Et si, au contraire, ces technologies – haut-parleurs intelligents, véhicules autonomes, téléviseurs, réfrigérateurs connectés, téléphones portables – étaient conscientes de vos émotions ? Et s'ils captaient un comportement non verbal en temps réel ? Votre voiture pourrait remarquer que vous avez l'air fatigué et proposer de prendre le volant. Votre réfrigérateur pourrait vous aider à adopter une alimentation plus saine. Votre tracker de fitness portable et votre téléviseur pourraient s'associer pour vous faire sortir du canapé. Votre miroir de salle de bain pourrait sentir que vous êtes stressé et ajuster l'éclairage tout en allumant la bonne musique qui améliore l'ambiance. Les technologies sensibles à l'humeur feraient des recommandations personnalisées et encourageraient les gens à faire les choses différemment, mieux ou plus rapidement.
Aujourd'hui, une catégorie émergente d'IA - l'intelligence émotionnelle artificielle ou IA émotionnelle - se concentre sur le développement d'algorithmes capables d'identifier non seulement les émotions humaines de base telles que le bonheur, la tristesse et la colère, mais également des états cognitifs plus complexes tels que la fatigue, l'attention, l'intérêt. , confusion, distraction, etc.
Je m'attends à ce que les technologies qui nous entourent deviennent sensibles aux émotions dans les cinq prochaines années.
Mon entreprise, Affectiva, fait partie de celles qui travaillent à la construction de tels systèmes. Nous avons compilé un vaste corpus de données composé de six millions de vidéos de visages collectées dans 87 pays, permettant à un moteur d'IA d'être réglé pour de vraies expressions d'émotion dans la nature et de tenir compte des différences culturelles dans l'expression émotionnelle.
À l'aide de la vision par ordinateur, de l'analyse de la parole et de l'apprentissage en profondeur, nous classons les expressions faciales et vocales de l'émotion. Il reste de nombreux défis à relever. Comment formez-vous de tels systèmes multimodaux ? Et comment collectez-vous des données pour des émotions moins fréquentes, comme la fierté ou l'inspiration ?

David Bishop
Néanmoins, le domaine progresse si rapidement que je m'attends à ce que les technologies qui nous entourent deviennent sensibles aux émotions dans les cinq prochaines années.

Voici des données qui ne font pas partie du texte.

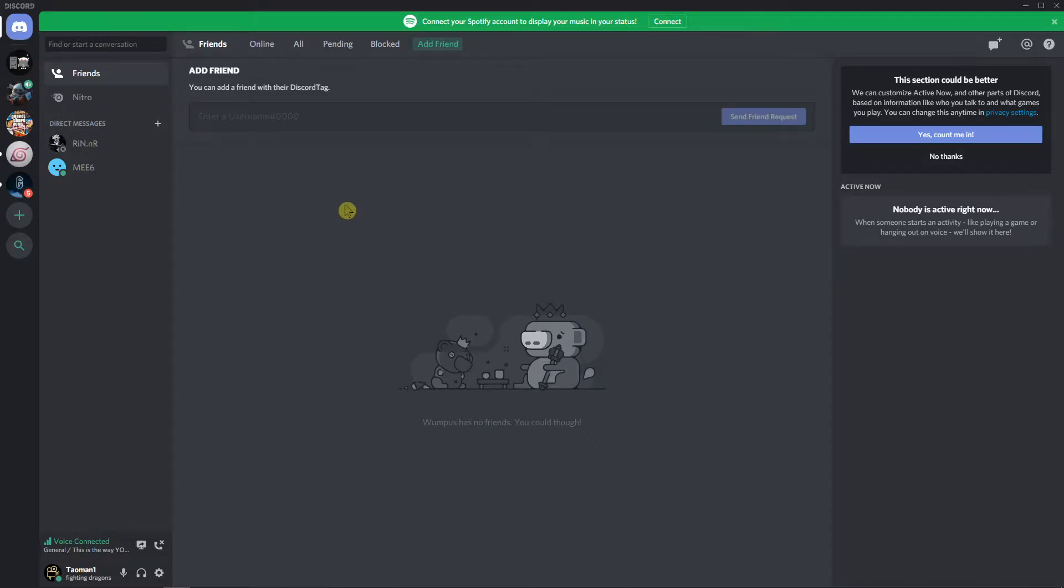Welcome everybody, Marcus Stone here. In this video you will learn a really easy way how you can cross out your text on Discord.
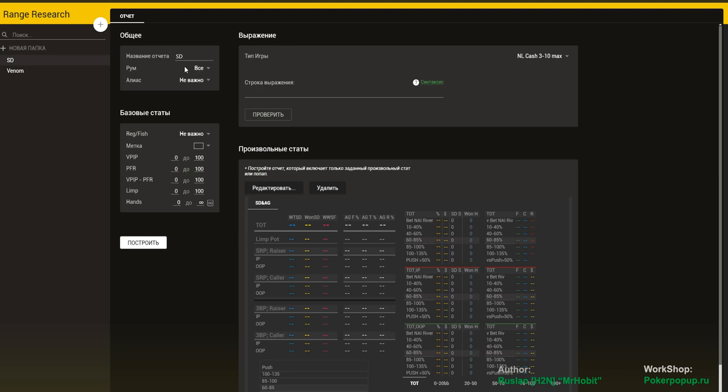You can select the poker room, alias, and this pop-up will be calculated based on this profile right here.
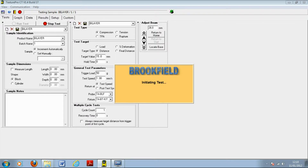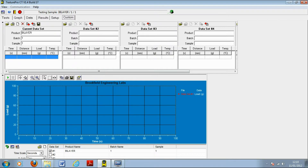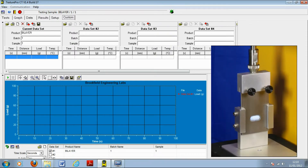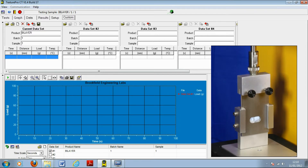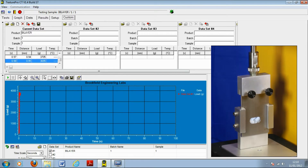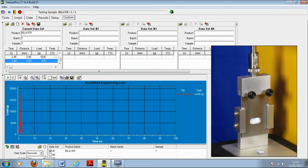We shall now start the test. Here the gelatin blade exerts increasing pressure on the bilayer tablet until the two compacted layers of the tablet are sheared apart.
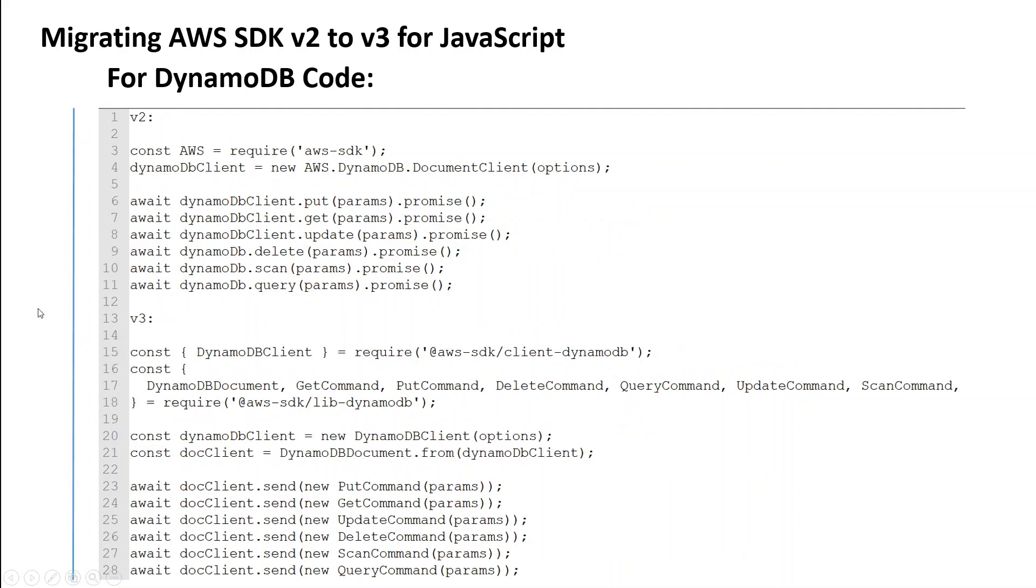Then if you are using DynamoDB, then there are few more changes. But again, as you know, there are a lot of parameters for delete, scan, query and so on and so forth and you can find it in AWS documentation. So all you need to do here is to use these commands in order to go from v2 to v3.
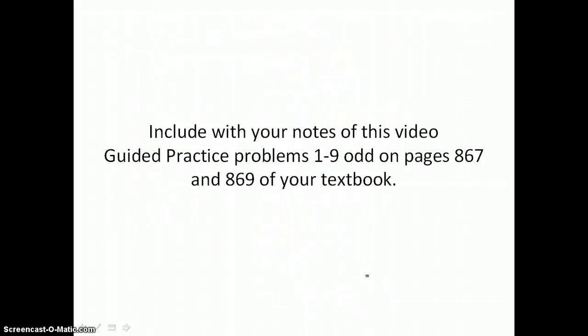Include with your notes from this video guided practice problems 1 through 9 odd on pages 867 and 869 of your textbook.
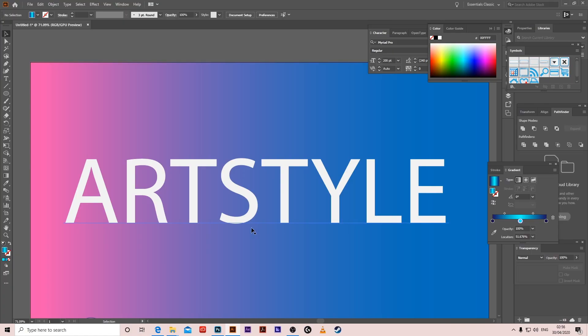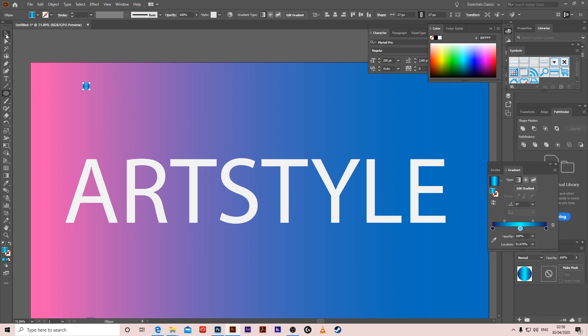Hello guys, we're gonna do the spine effect. I already wrote 'art style' using the text tool and I drew a rectangle and gave it a gradient. Okay, so let's start doing a circle. Give it a gradient, make sure it's three points and linear gradient, and the middle should be a bit lighter.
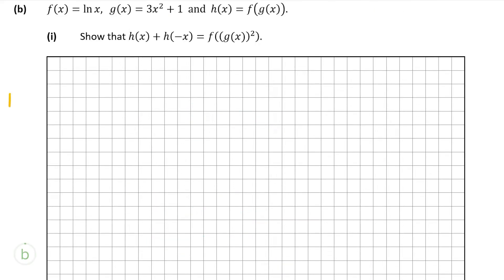B part 1 is also worth 10 marks. We're given f(x), g(x), and h(x). So f(x) is ln of x, g(x) is equal to 3x² + 1, and h(x) is the composite function g(x) into f(x) — basically putting g(x) in place of x in the f function. The first thing we have to show is that h(x) + h(−x) is equal to g(x)² into f. So let's try that now.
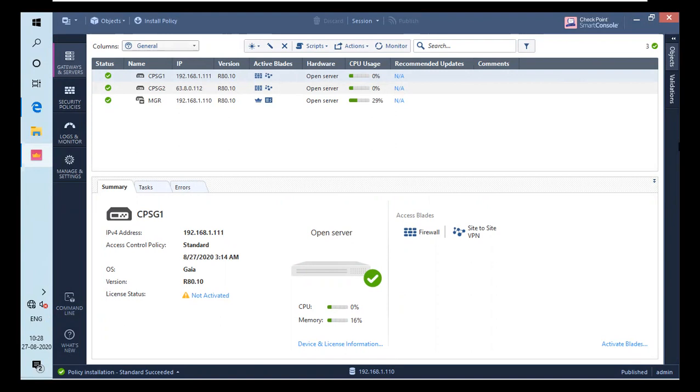Basically, what Data Loss Prevention Blade does is protect the data in motion, or you can say data protection that lives in the network. It sees the data throughout the network and enforces the policy at the time when the data is flowing through it.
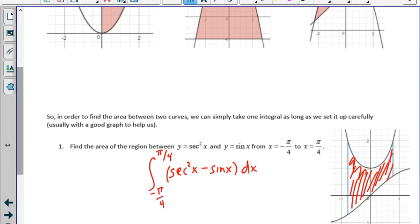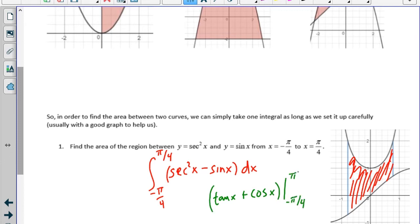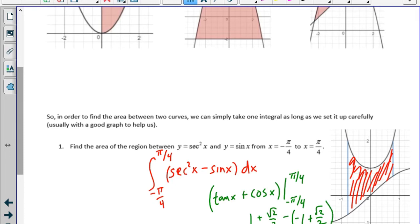The antiderivative of secant squared is tangent, and the antiderivative of negative sine is cosine. Evaluating from negative pi over 4 to pi over 4: tangent of pi over 4 is 1, cosine of pi over 4 is root 2 over 2, minus the result at negative pi over 4, which is negative 1 plus root 2 over 2. We get 1 plus 1, the root 2 over 2 terms cancel, and the integral equals 2.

Ils liront et réagiront aux états cognitifs et émotionnels humains, exactement comme le font les humains. Emotion AI sera ancrée dans les technologies que nous utilisons au quotidien, fonctionnant en arrière-plan, rendant nos interactions technologiques plus personnalisées, pertinentes, authentiques et interactives. Il est difficile de se rappeler maintenant comment c'était avant que nous ayons des interfaces tactiles et la reconnaissance vocale. Finalement, nous ressentirons la même chose à propos de nos appareils sensibles aux émotions.
Voici quelques-unes des applications qui me passionnent le plus.
Automobile : Un véhicule conscient des occupants pourrait surveiller la fatigue, la distraction et la frustration du conducteur. Au-delà de la sécurité, votre voiture peut personnaliser l'expérience en cabine, en modifiant la musique ou les paramètres ergonomiques en fonction de qui se trouve dans la voiture.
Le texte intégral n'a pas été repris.